Kings Blog and Q&A

News, observations and reader questions about the Sacramento Kings and the NBA.

Not right now. Shaq has two seasons on his deal, won't walk away from $20 million per, may play beyond that contrary to previous reports that 2009-10 is definitely his last season, and Hill is in a contract year and interested in returning. He may not be done for a while either.

But the Suns teammates are serious about this. At some point, probably soon after they retire, O'Neal and Hill, former Magic players who still make their permanent homes in a mega-money Orlando enclave, will talk with executives to see if the team is available.

How serious?

They have already talked about it together, a lot. They have already made their feelings known to CEO and president Bob Vander Weide, the son-in-law of owner Rich DeVos. They have, both report independently, already lined up additional investors.

If DeVos is open to discussing a sale, Hill and O'Neal want to be first in line. If not, the partnership will consider other teams. There's no way to know which way it will go, not when we're probably talking the summer of 2010 at the earliest and no one can say for certain where the economy will be headed in two months. Asking prices will change. The financial needs of owners with major investments in non-basketball entities will change.

O'Neal and Hill were always friendly -- when Hill was living through one of many injury setbacks with the Magic, Shaq was a Laker and handed over keys to the gym at his house so Hill could use it anytime -- and have grown closer since becoming teammates in Phoenix last season. They live a few minutes apart in Orlando. Vander Weide is in the same community.

Shaq: "Yeah, it's serious. Grant, who's like my best friend now, we have a relationship with the DeVos family. So we always throw out Grant president, me general manager. We always throw that out just to see what they say. Hopefully, they bite that. But if not, just put together a group and try to get something somewhere.

"I've mentioned it to Bob Vander Weide and he laughs. But I know they love Grant as president. I know they like that idea. I always try to ride Grant's coat tails. Hey, Grant's the president. He's better looking, better spoken and can do the president. But I can be the general manager. I can get stuff done."
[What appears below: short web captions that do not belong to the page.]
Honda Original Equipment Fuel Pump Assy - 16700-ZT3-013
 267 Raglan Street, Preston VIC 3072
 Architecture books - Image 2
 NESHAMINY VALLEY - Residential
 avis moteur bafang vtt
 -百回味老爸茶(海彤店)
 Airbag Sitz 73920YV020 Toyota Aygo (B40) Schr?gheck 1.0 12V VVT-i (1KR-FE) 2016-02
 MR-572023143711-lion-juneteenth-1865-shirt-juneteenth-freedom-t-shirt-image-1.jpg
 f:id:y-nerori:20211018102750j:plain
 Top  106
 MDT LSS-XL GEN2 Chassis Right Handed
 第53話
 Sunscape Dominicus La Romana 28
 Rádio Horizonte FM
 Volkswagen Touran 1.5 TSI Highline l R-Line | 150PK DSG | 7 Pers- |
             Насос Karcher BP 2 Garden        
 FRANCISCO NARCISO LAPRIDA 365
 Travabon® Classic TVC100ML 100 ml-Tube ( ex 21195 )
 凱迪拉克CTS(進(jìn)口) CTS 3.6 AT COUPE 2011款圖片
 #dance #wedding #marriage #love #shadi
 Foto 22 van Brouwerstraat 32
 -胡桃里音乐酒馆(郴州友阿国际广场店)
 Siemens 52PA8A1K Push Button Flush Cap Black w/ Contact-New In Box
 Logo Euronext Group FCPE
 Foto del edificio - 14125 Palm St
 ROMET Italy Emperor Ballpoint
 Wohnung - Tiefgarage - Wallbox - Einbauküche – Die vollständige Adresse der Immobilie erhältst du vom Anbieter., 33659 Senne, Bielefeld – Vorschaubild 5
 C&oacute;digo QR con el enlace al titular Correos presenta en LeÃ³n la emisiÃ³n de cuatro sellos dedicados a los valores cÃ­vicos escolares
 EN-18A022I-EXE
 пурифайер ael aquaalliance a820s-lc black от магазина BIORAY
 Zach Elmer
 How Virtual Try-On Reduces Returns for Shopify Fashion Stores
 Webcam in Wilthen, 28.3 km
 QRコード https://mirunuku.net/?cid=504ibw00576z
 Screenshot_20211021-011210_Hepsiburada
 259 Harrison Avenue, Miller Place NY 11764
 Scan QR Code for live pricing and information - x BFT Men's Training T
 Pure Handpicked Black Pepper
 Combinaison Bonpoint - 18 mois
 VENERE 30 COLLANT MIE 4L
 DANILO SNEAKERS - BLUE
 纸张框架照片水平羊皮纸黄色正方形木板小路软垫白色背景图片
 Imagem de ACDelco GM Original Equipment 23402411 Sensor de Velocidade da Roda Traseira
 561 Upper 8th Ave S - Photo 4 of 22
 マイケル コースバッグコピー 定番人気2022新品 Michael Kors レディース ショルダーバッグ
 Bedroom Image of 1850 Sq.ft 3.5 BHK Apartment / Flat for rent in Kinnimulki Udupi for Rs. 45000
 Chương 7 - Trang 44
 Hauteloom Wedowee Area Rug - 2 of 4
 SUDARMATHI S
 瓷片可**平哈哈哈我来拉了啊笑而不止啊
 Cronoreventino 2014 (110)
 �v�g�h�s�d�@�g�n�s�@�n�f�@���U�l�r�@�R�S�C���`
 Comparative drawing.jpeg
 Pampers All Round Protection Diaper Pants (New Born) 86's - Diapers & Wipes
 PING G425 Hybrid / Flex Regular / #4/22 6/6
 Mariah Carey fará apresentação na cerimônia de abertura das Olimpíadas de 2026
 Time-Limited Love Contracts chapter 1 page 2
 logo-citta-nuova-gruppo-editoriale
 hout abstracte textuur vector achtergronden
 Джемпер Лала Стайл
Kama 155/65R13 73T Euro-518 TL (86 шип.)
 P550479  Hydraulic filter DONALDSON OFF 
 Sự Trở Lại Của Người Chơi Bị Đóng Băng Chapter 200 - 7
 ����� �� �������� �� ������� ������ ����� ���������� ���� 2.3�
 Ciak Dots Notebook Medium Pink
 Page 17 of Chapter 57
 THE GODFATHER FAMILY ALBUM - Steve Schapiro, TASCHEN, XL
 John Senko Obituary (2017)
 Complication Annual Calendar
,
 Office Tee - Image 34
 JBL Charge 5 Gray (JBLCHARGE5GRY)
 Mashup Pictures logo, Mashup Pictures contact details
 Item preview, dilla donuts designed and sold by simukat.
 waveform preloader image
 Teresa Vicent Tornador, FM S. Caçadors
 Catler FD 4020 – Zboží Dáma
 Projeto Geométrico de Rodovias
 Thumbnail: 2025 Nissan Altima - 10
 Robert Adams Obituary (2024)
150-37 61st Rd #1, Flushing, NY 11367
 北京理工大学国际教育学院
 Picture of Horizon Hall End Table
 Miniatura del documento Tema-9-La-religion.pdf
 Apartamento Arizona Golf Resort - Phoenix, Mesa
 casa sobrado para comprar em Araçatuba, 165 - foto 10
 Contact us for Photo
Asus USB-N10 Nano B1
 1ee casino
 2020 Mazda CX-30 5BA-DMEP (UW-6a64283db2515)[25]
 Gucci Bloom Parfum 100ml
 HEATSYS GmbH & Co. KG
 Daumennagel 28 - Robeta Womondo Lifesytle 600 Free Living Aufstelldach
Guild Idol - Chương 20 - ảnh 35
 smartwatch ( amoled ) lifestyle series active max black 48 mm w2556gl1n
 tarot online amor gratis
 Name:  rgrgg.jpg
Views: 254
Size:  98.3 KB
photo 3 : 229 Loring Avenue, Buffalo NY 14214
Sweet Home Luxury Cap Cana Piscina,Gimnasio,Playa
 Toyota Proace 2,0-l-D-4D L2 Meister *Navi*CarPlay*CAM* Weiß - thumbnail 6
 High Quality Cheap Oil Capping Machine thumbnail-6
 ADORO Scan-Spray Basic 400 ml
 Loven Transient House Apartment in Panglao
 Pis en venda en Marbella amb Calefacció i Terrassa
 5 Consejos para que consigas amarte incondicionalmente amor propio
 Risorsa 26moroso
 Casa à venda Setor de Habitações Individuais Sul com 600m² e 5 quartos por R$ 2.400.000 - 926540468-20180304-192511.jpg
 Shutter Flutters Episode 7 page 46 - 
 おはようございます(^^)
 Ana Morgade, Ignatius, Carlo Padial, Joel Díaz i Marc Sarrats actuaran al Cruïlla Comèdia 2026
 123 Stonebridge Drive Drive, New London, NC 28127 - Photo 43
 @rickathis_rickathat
Hill: "I think both of us have a lot of respect for the DeVos family and Bob Vander Weide in particular. I don't really have any aspirations to get into management, but ownership is something that we've talked about. It remains to be seen whether they'll sell the team. But if that were to happen, we've certainly talked amongst ourselves and talked amongst some potential investors, so we certainly could get it done. I feel kind of weird talking about it because it's not for sale and we do have a lot of respect for the DeVos family.

"We haven't really had any indication from them (about an interest level to sell). We've talked to Bob. I've been friends with him. Shaq as well. We're neighbors down in Florida. We're all in the same neighborhood. There hasn't been any talk like that. It's hypothetical. It could never happen. They may keep it in the family.

"It's certainly something we've talked a lot about since Shaq's come on board here. I think Orlando makes sense because we live there and we both played there. Ownership is something that we're both interested in. We know people and we have groups and various people who are interested as well. We've talked about doing it ourselves. There's no clear, concrete plan. But it's certainly something that when we're done playing we'll definitely look into.

"It's something that's very real."

Shaq the personnel boss. Classic.

He loves Dwight Howard. Good thing. Howard is 22 years old and already a star with the Magic.

He loves Dwyane Wade, and this is where it gets into the stuff of rotisserie leagues. Wade is with the Heat, although he can become a free agent in 2010.

He loves -- wait for it! -- Kobe Bryant.

Shaq swears it. He has been known to have more trouble with the truth than with free throws, but he swears. He would want Kobe on his team.

"Of course I would," O'Neal said. "Best player in the league. Yeah, easily. I'd take him easily. Especially now. He's developed to be the best player in the league, by far."

(Can a guy be fined for tampering on behalf of a team he isn't even with?)

Also: Both would consider Miami an ideal alternative because of proximity to Orlando, but Shaq, who played there, doesn't think the Arison family would sell. If that did come through, the bonus for O'Neal would be the chance to fire Pat Riley. His big smile and several sinister laughs at the possibility said as much.